The Great Mortality by John Kelly, Harper Collins - the Black Death from a psychological and sociological perspective.
Salt by Mark Kurlansky, Penguin - how our need for salt influenced "the establishment of trade routes and cities, provoked and financed wars, secured empires and inspired revolutions." Lots of good historical information about salt-mining, the salt trade, and the historical use of salt to preserve food.
The Mystery of the Aleph; Mathematics, the Kabbalah, and the Search for Infinity by Amir D. Aczel, Four Walls Eight Windows Publishers- the story of mathematician Georg Cantor's theories of infinity and how they may have driven him mad.
Ordinary Men: Reserve Police Battalion101 and the Final Solution in Poland by Christopher R. Browning, Harper Collins - a study of how ordinary men are transformed into monsters.
The Seven Daughters of Eve by Bryan Sykes, Norton - mitochondrial DNA and stone age population movement out of Africa. Still a good primer, if a bit dated and dumbed down.
The Man in the Ice by Konrad Spindler, Crown - the discovery of a 5,300-year-old man buried in an Alpine glacier, complete with all his clothing and gear. Slightly dated by newer revelations about the Iceman's cause of death, but still contains wonderful insights into daily life in the late Stone Age and lots of photos of the Iceman's clothing and gear.
A Persian Odyssey by Rami Yelda, Pankovich - a fascinating, insightful, colorful, and occasionally humorous look inside contemporary Iran by an expatriate on his first visit back after 40 years. Yelda manages to infuse both cultural insight and humor into experiences as simple as asking the hotel clerk for a phone book and paying for lunch at a cafe.
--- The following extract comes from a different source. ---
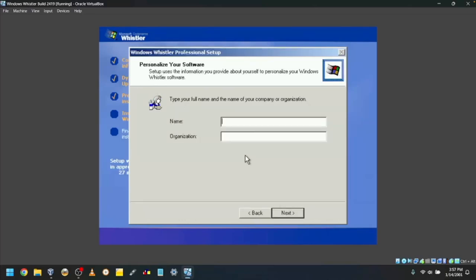Type your name, and if you want, your organization. I'll make my name TOWF and my organization TOWF Co.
These days I mostly read historical mysteries. Three of my favorite series:
Dissolution, Dark Fire, and Sovereign by C.J. Sansom
A series of historical mysteries set during the reign of King Henry VIII, featuring a wonderful MC lawyer who investigates murders even as he slogs through the ethical, moral, and political minefield of the English Reformation. New!! A fourth Shardlake book, Revelation
Barbara Hambly's Benjamin January series
Benjamin January, a free African-American, was educated as a physician in Paris, but has to earn a living as a musician in 1830s New Orleans, while solving crimes in his spare time. Fantastic insight into the stratified and complex society of 1830s New Orleans. My favorite books in this series feature January's friendship with police lieutenant Abishag Shaw.
Lindsey Davis's Marcus Didius Falco mysteries, set in ancient Rome
Anne Perry's Victorian mysteries
Silent in the Grave by Deanna Raybourn
A very good Victorian mystery that I probably would have skipped because the cover makes it look like a romance.